TO DO: Make an exact copy, from the records below, of the lines from the line containing "Little Girls Spring" to the line containing "Casa, 3 quartos, 207 m² - Foto 13", both lines included, excluding pictures.

DATA TO PROCESS:
◆ ◆ ◆
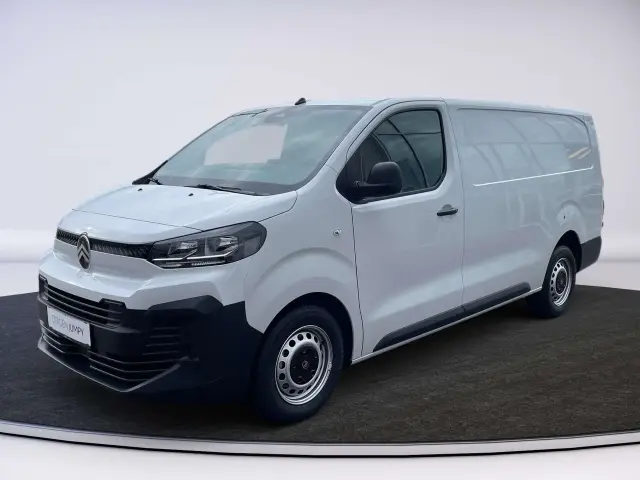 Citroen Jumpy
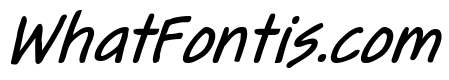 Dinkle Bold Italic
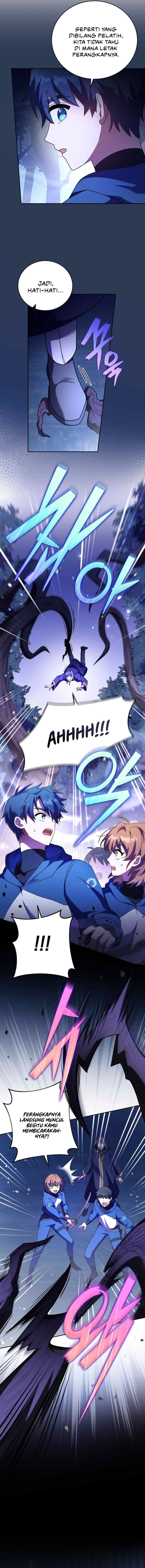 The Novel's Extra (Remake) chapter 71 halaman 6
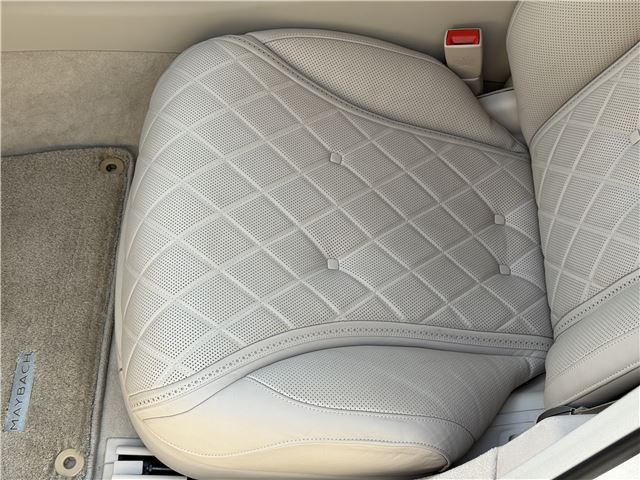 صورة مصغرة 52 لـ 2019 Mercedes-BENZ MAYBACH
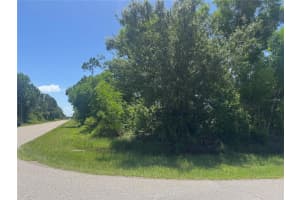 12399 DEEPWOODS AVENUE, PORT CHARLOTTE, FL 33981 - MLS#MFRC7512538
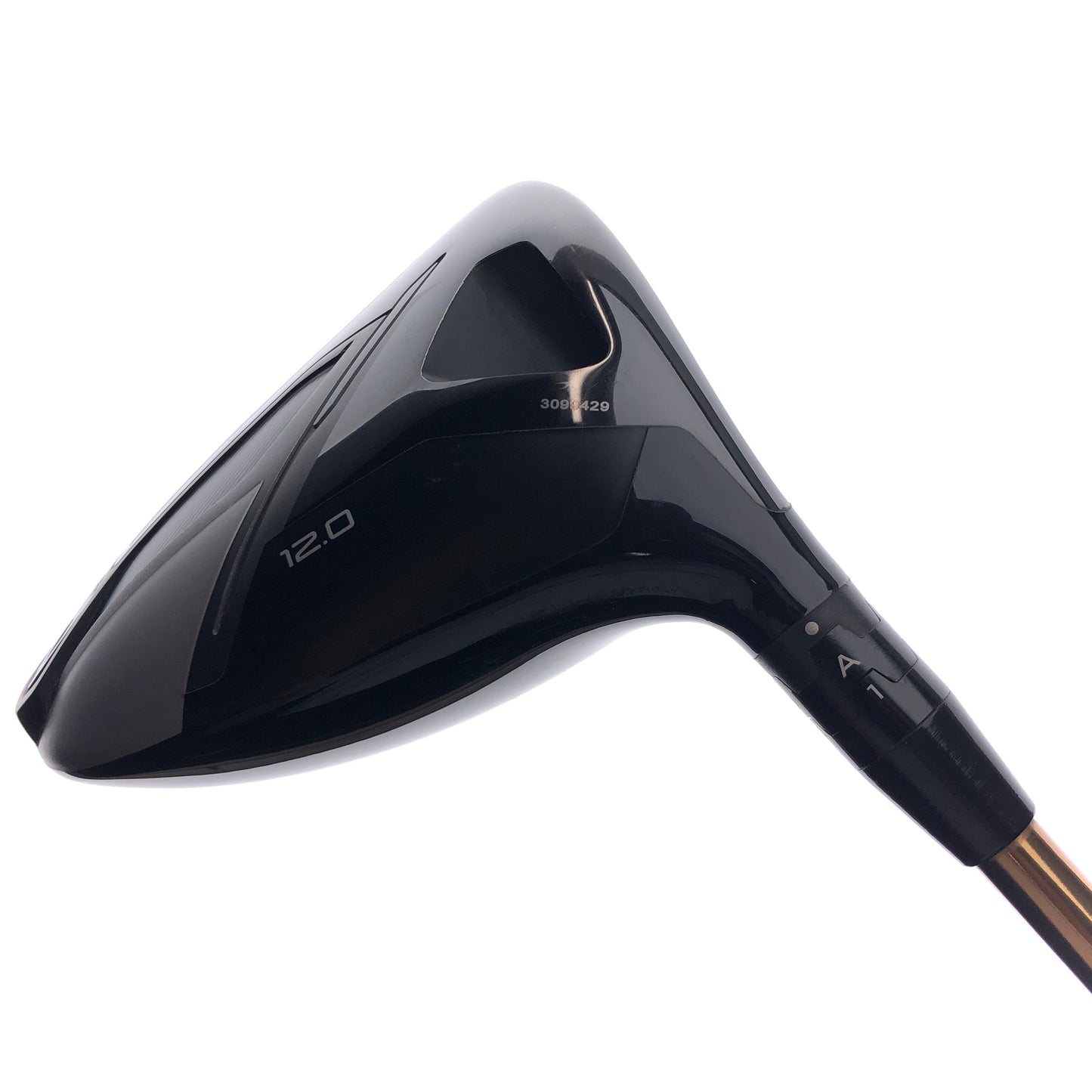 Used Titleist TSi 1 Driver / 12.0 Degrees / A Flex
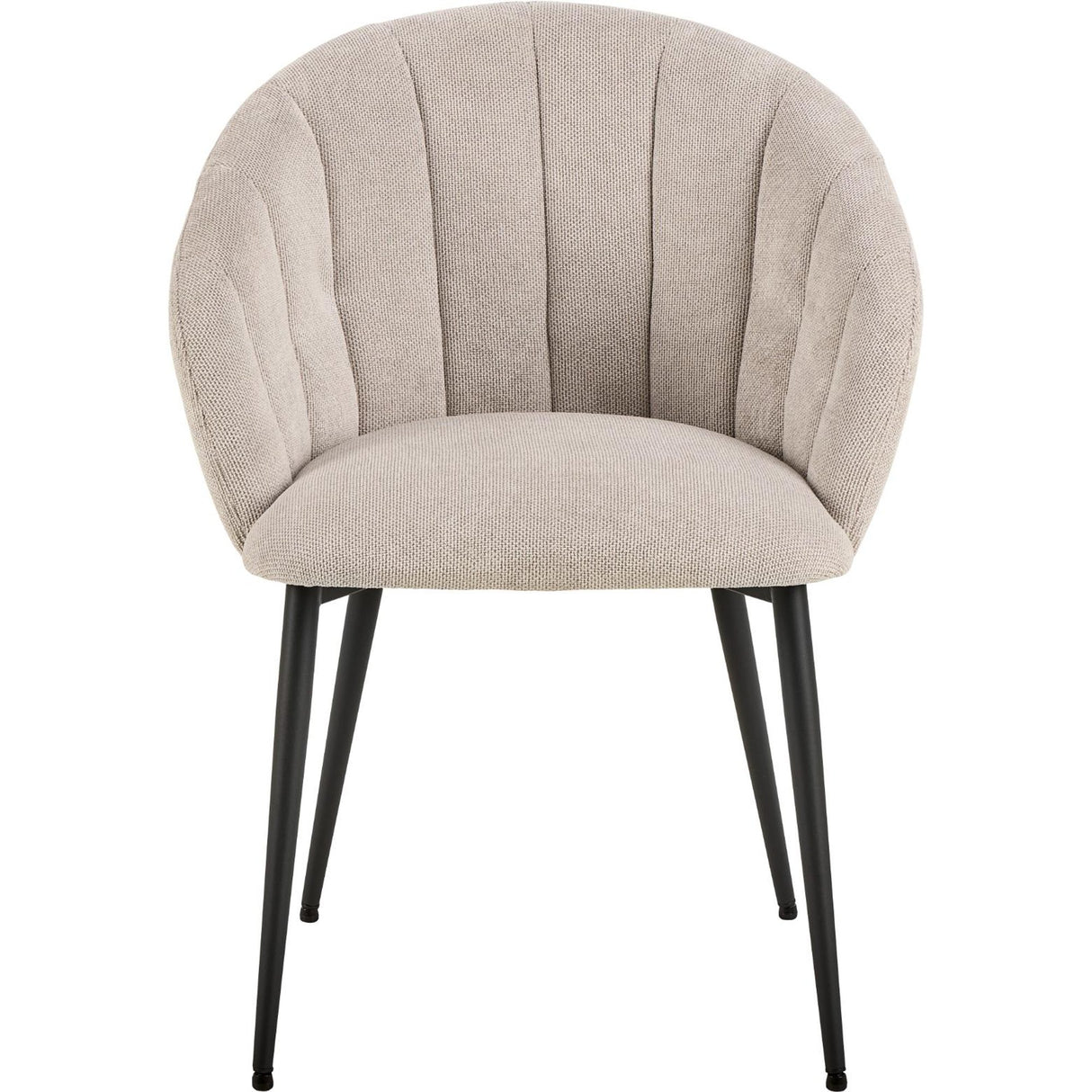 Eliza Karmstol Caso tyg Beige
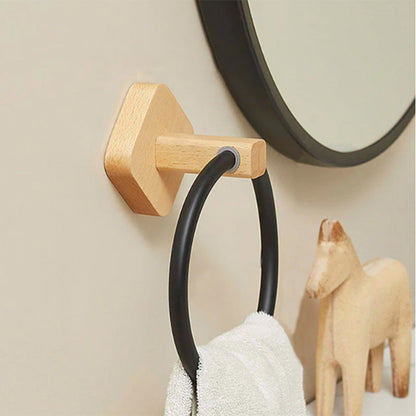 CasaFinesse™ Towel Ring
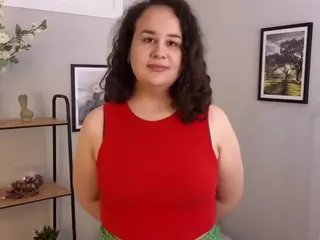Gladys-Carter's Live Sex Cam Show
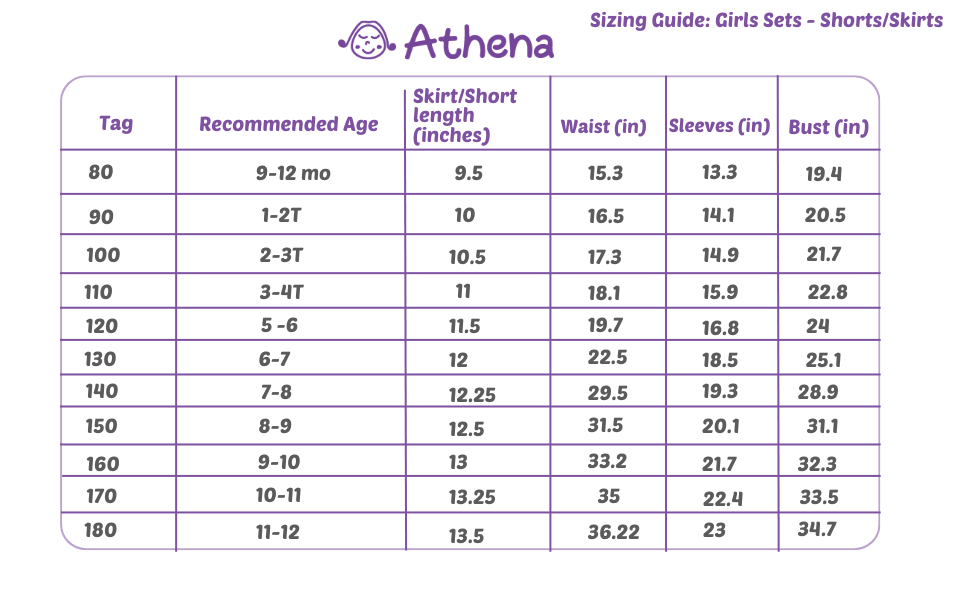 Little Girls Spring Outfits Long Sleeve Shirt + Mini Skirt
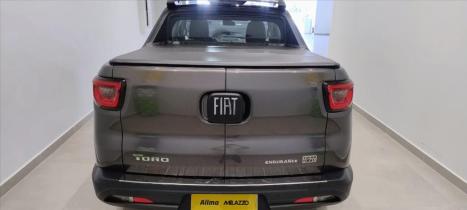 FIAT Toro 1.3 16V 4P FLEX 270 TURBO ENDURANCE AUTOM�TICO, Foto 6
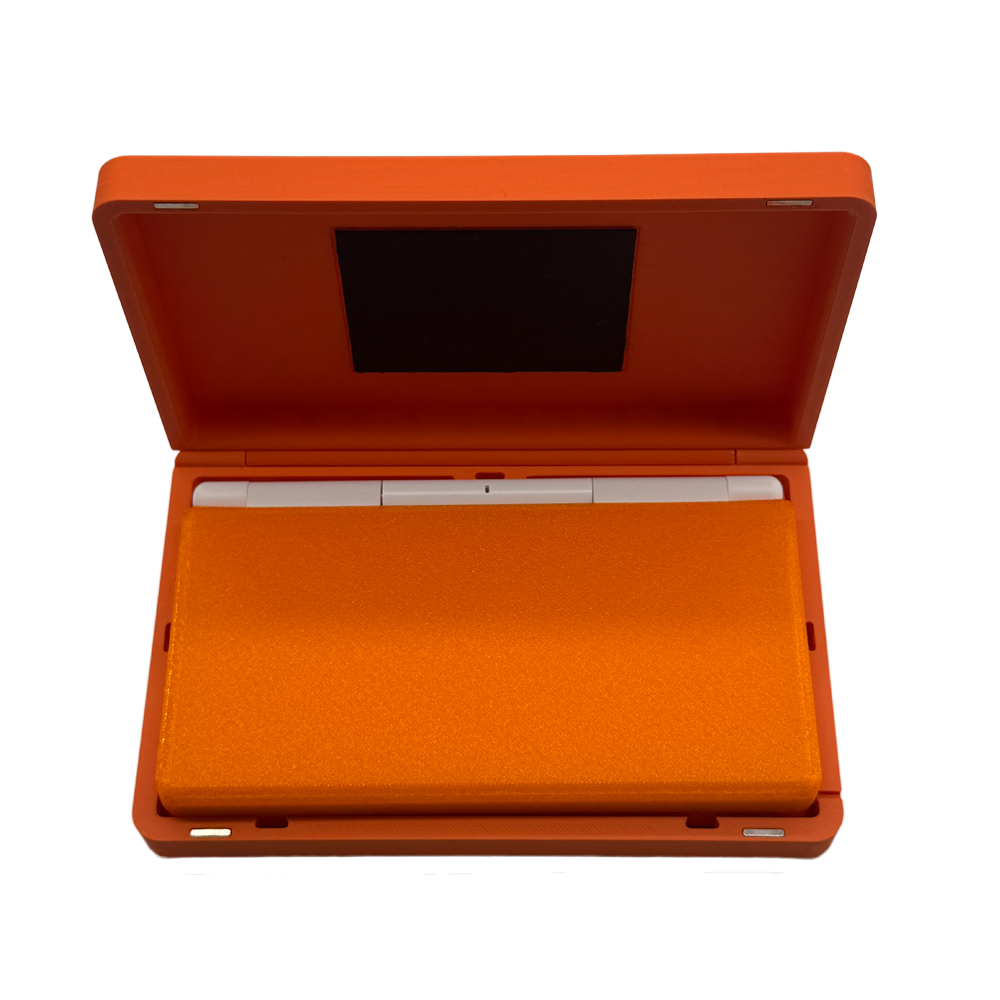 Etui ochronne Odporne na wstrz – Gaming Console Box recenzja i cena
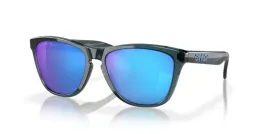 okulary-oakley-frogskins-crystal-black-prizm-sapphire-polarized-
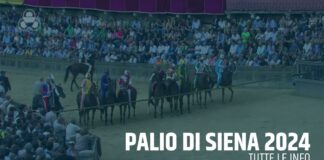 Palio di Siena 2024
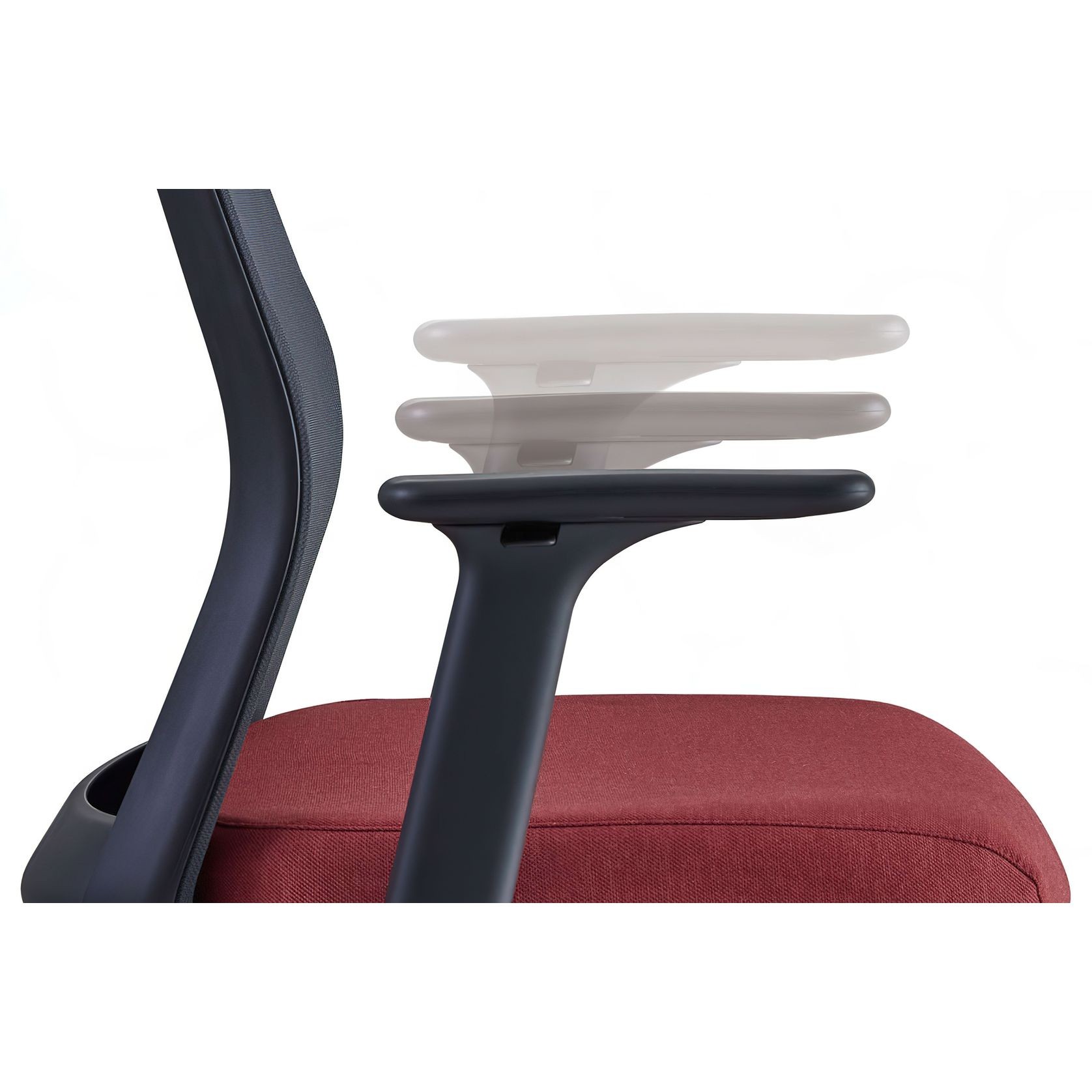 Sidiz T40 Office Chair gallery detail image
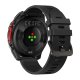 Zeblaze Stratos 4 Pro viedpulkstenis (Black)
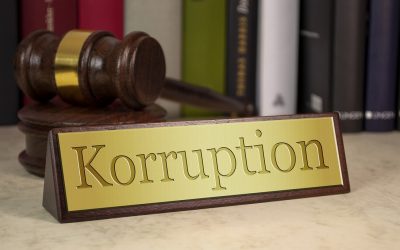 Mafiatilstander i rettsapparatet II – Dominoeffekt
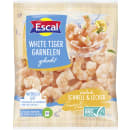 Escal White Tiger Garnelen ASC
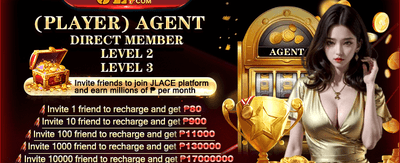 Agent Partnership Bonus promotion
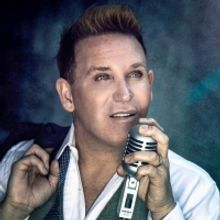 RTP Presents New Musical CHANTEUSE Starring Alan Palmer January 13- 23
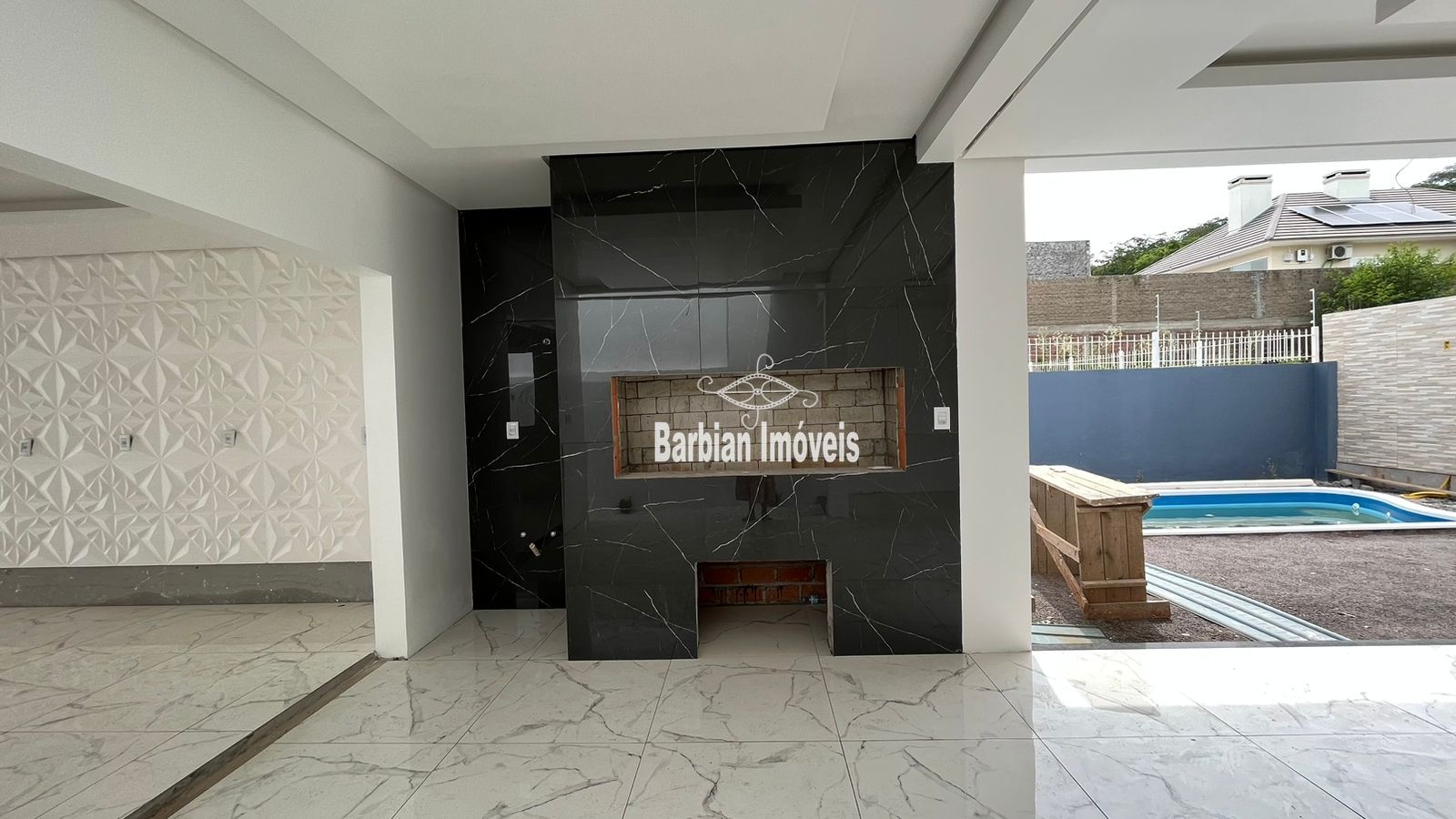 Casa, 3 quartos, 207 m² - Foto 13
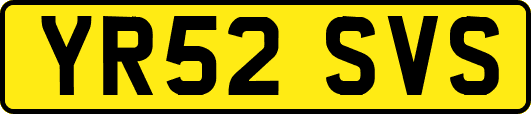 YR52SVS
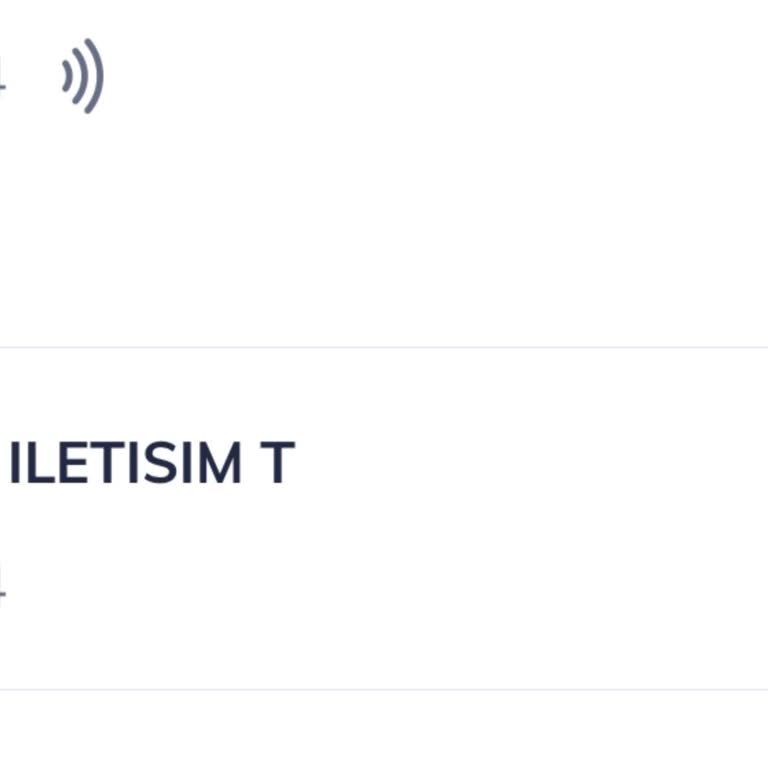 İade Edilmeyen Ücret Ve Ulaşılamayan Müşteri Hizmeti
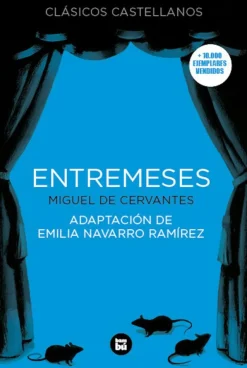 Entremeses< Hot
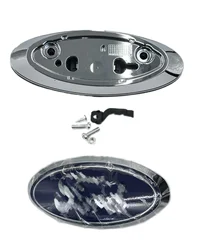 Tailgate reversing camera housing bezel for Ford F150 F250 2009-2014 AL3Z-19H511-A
◆ ◆ ◆
SOLVED EXERCISE:
 Little Girls Spring Outfits Long Sleeve Shirt + Mini Skirt
 FIAT Toro 1.3 16V 4P FLEX 270 TURBO ENDURANCE AUTOM�TICO, Foto 6
 Etui ochronne Odporne na wstrz – Gaming Console Box recenzja i cena
 okulary-oakley-frogskins-crystal-black-prizm-sapphire-polarized-
 Palio di Siena 2024
 Sidiz T40 Office Chair gallery detail image
 Zeblaze Stratos 4 Pro viedpulkstenis (Black)
 Mafiatilstander i rettsapparatet II – Dominoeffekt
 Escal White Tiger Garnelen ASC
 Agent Partnership Bonus promotion
 RTP Presents New Musical CHANTEUSE Starring Alan Palmer January 13- 23
 Casa, 3 quartos, 207 m² - Foto 13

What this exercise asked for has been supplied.